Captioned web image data
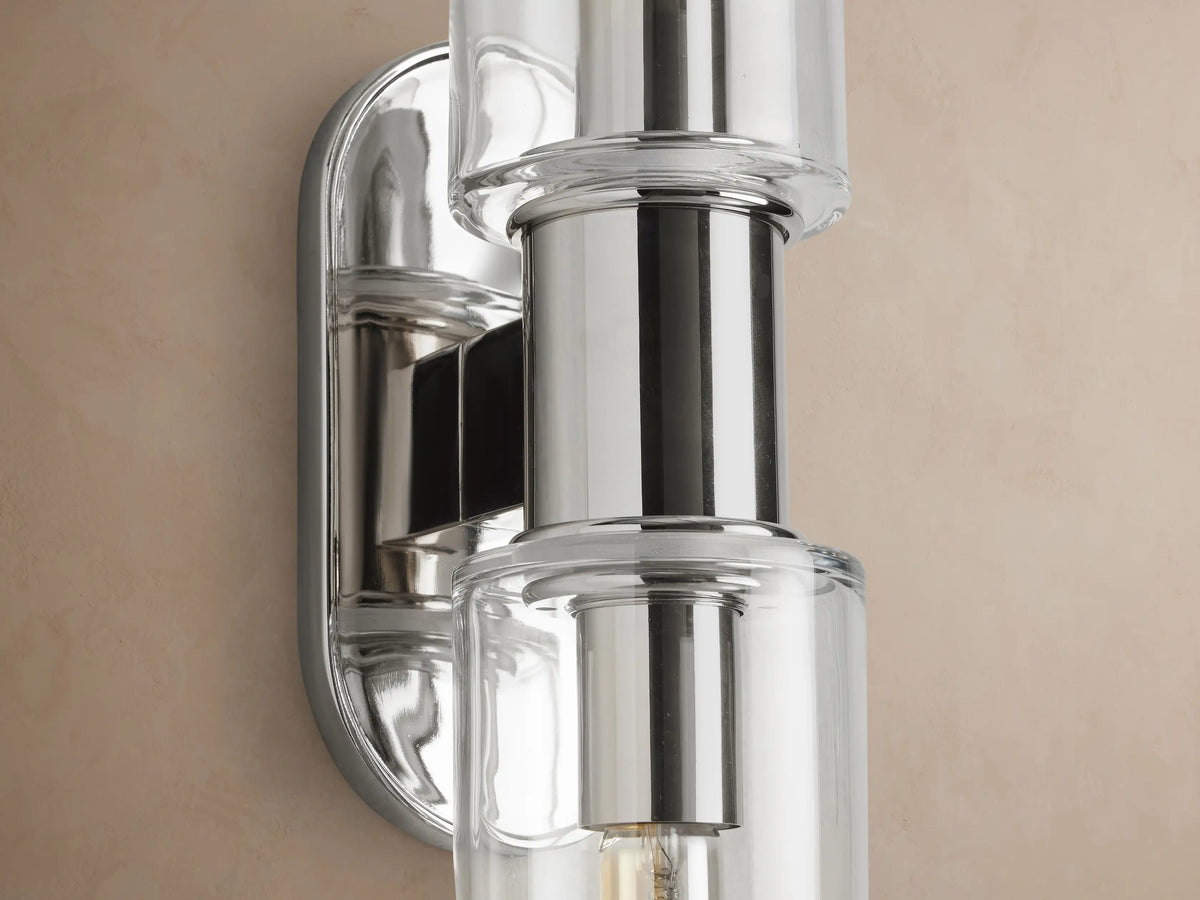 Harlin Double Sconce, polished nickel, with two vertical clear glass cloches revealing warm filament bulbs.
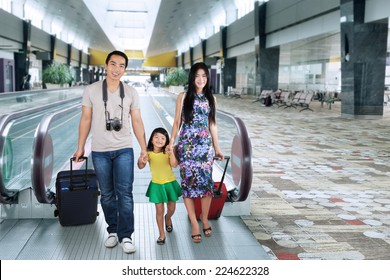 Portrait Of Asian Family Carrying Luggage And Walking In The Airport Hall For Holiday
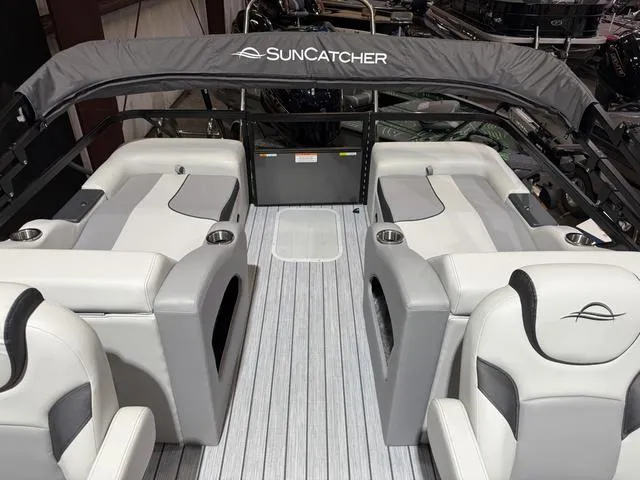 Slide: The Image of 2025 SunCatcher Select 322SS boat interior with gray seating and SunCatcher branding. - 10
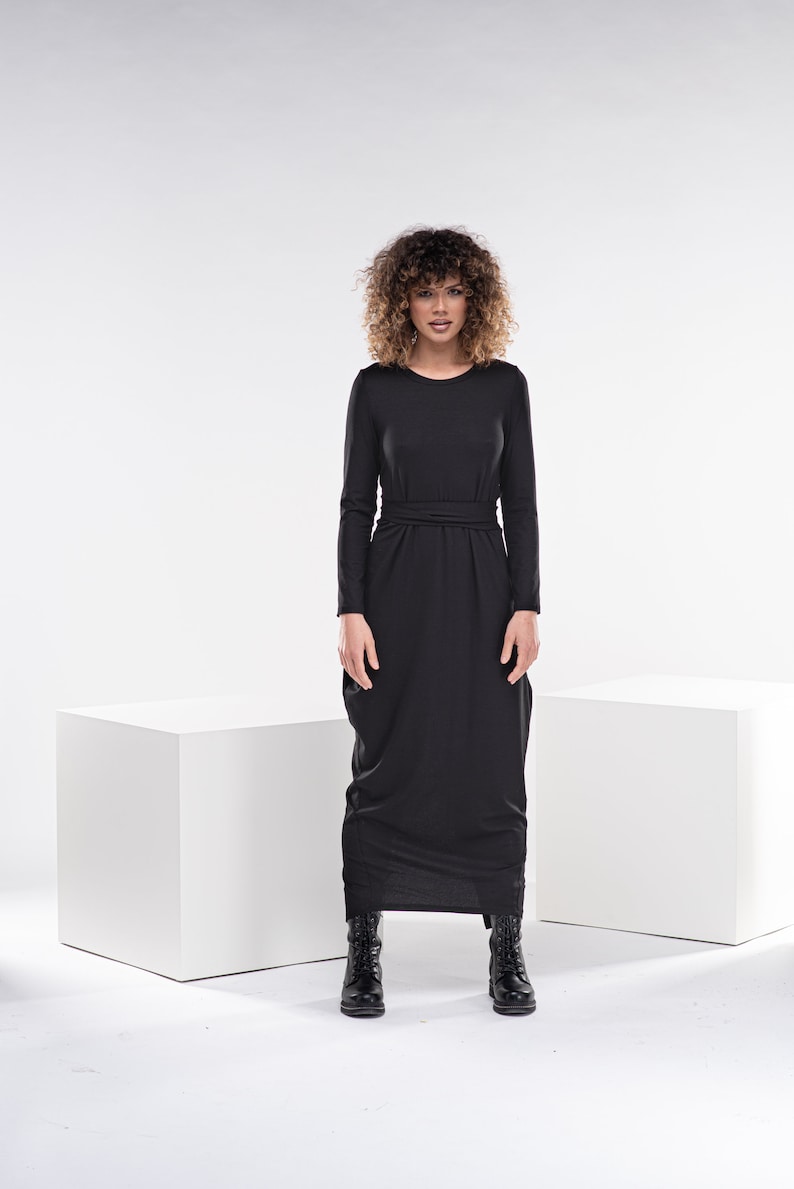 May include: A black maxi dress with long sleeves and a tie at the waist. The dress is made of a soft, flowing fabric and has a relaxed fit. The model is wearing black boots.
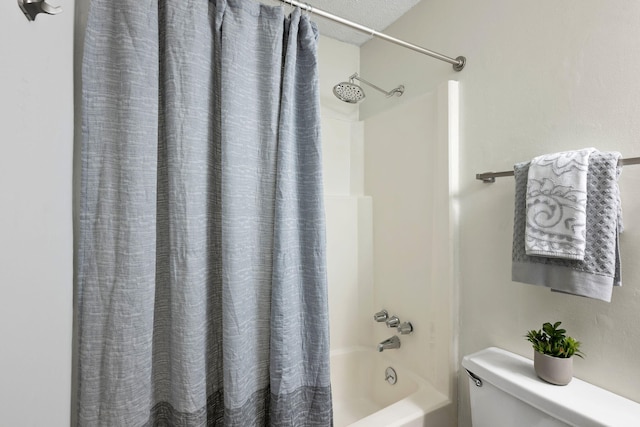full bath featuring shower / tub combo with curtain and toilet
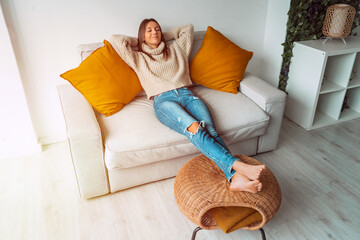 Obraz premium Calm satisfied woman relaxing or sleeping on the sofa in living room. Carefree lady resting at home, enjoying stress free weekend. Day off work. Home lifestyle, home comfort concept. 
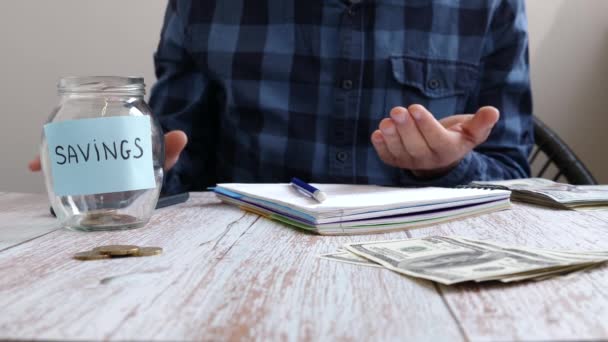 Man putting money coins into glass jar with inscription savings. Saving money — Video Stock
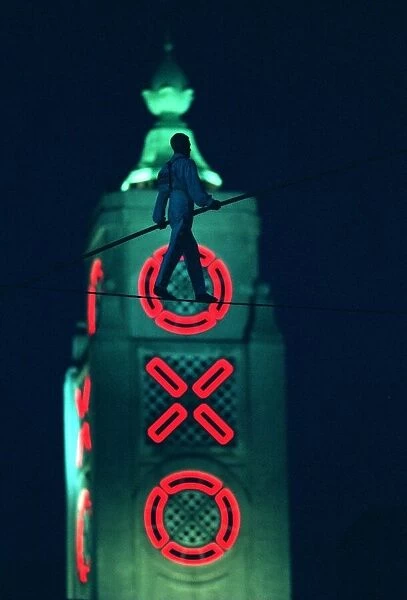 Didier Pasquette a tightrope walker silhouetted against the Oxo Tower in action above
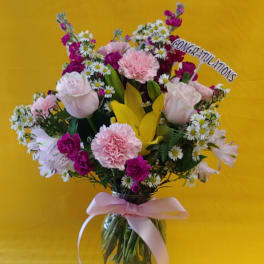 Pink and white mixed bouquet in a glass vase with a congratulations sign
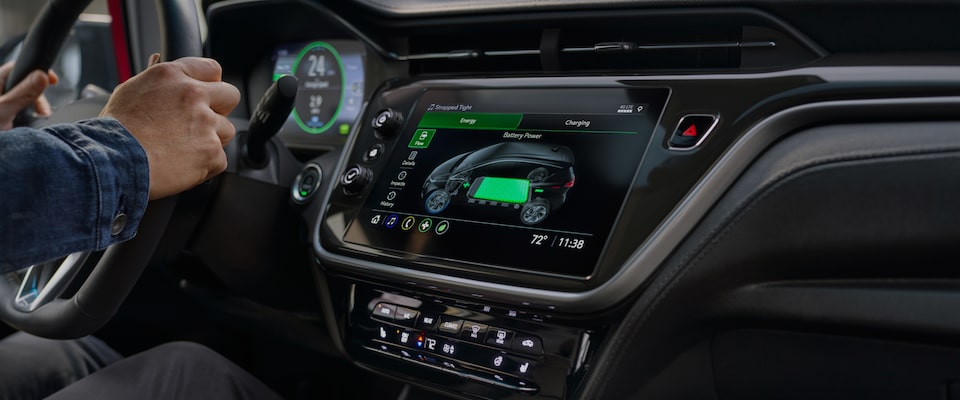 2023 Bolt EV Driver's Hands on Wheel Next to Color Touch-Screen Showing Battery Power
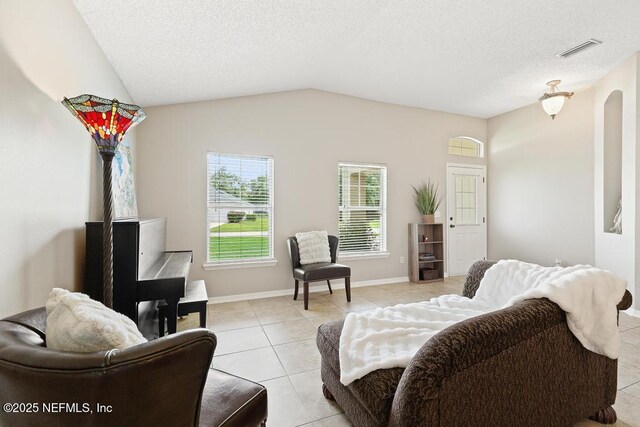 880 W American Eagle Dr, Saint Augustine, FL 32092 - living area with light tile patterned flooring, lofted ceiling, a textured ceiling, arched walkways, and baseboards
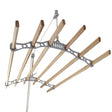 Ceiling-mounted clothing airer with white metal frame and natural wooden rods, designed for efficient drying and space-saving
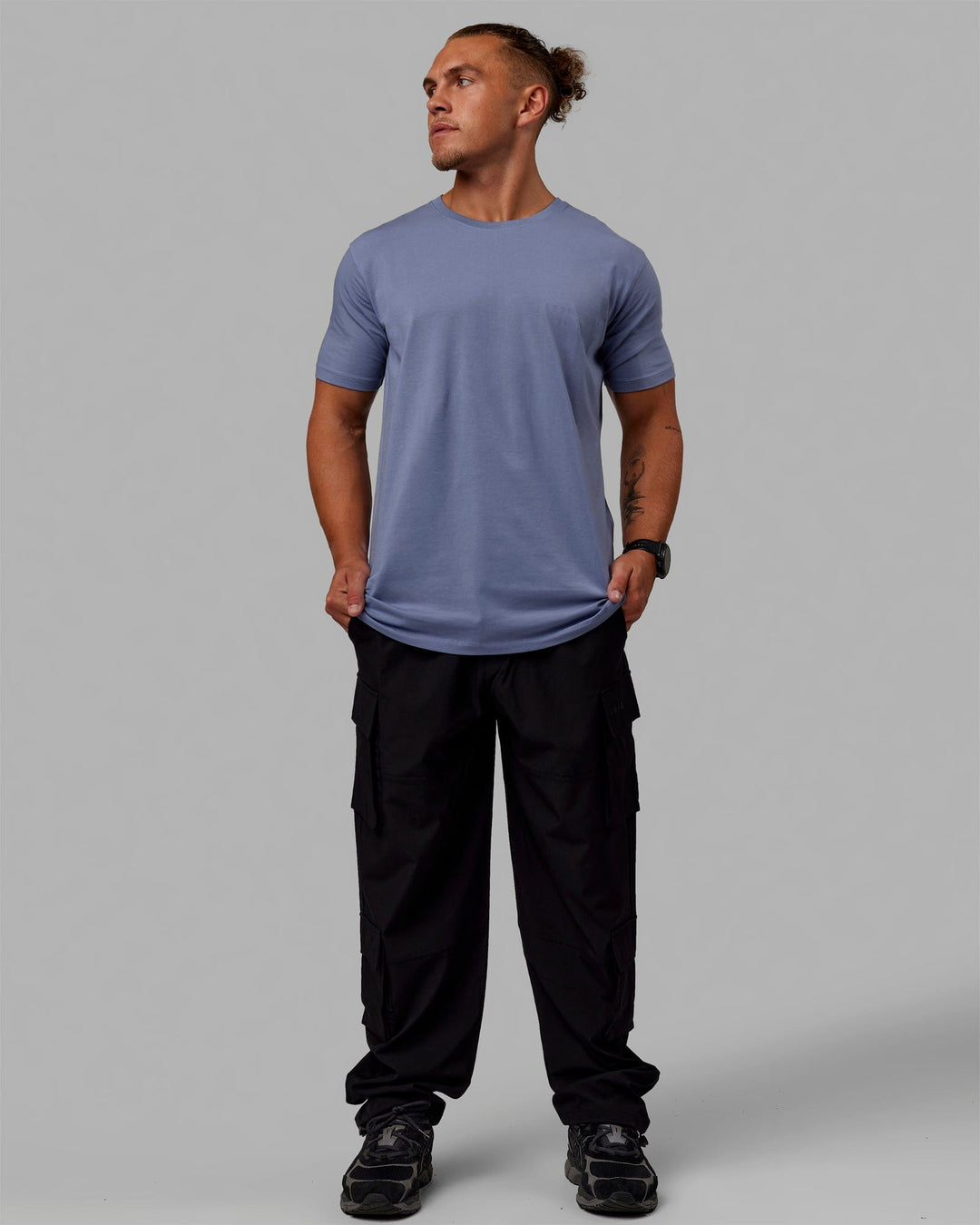 Man wearing Energy Stretch Relaxed Fit Cargo Pants - Black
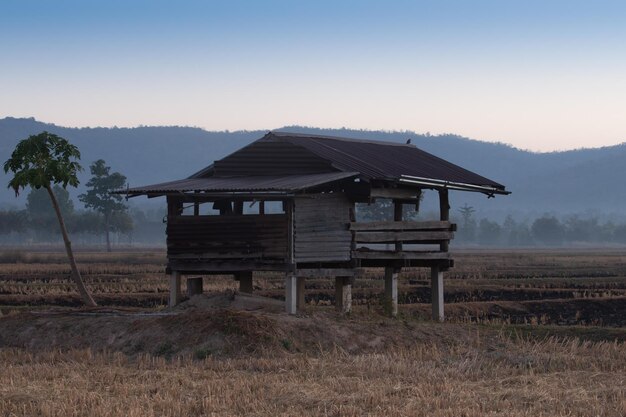 House on field against sky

# Task details
Look above for the line with "Portrait Of Asian" and the line with "Pink and white", then restate exactly those two lines and all lines between them, with no pictures.

# Answer area
 Portrait Of Asian Family Carrying Luggage And Walking In The Airport Hall For Holiday
 Slide: The Image of 2025 SunCatcher Select 322SS boat interior with gray seating and SunCatcher branding. - 10
 May include: A black maxi dress with long sleeves and a tie at the waist. The dress is made of a soft, flowing fabric and has a relaxed fit. The model is wearing black boots.
full bath featuring shower / tub combo with curtain and toilet
 Obraz premium Calm satisfied woman relaxing or sleeping on the sofa in living room. Carefree lady resting at home, enjoying stress free weekend. Day off work. Home lifestyle, home comfort concept. 
 Man putting money coins into glass jar with inscription savings. Saving money — Video Stock
 Didier Pasquette a tightrope walker silhouetted against the Oxo Tower in action above
 Pink and white mixed bouquet in a glass vase with a congratulations sign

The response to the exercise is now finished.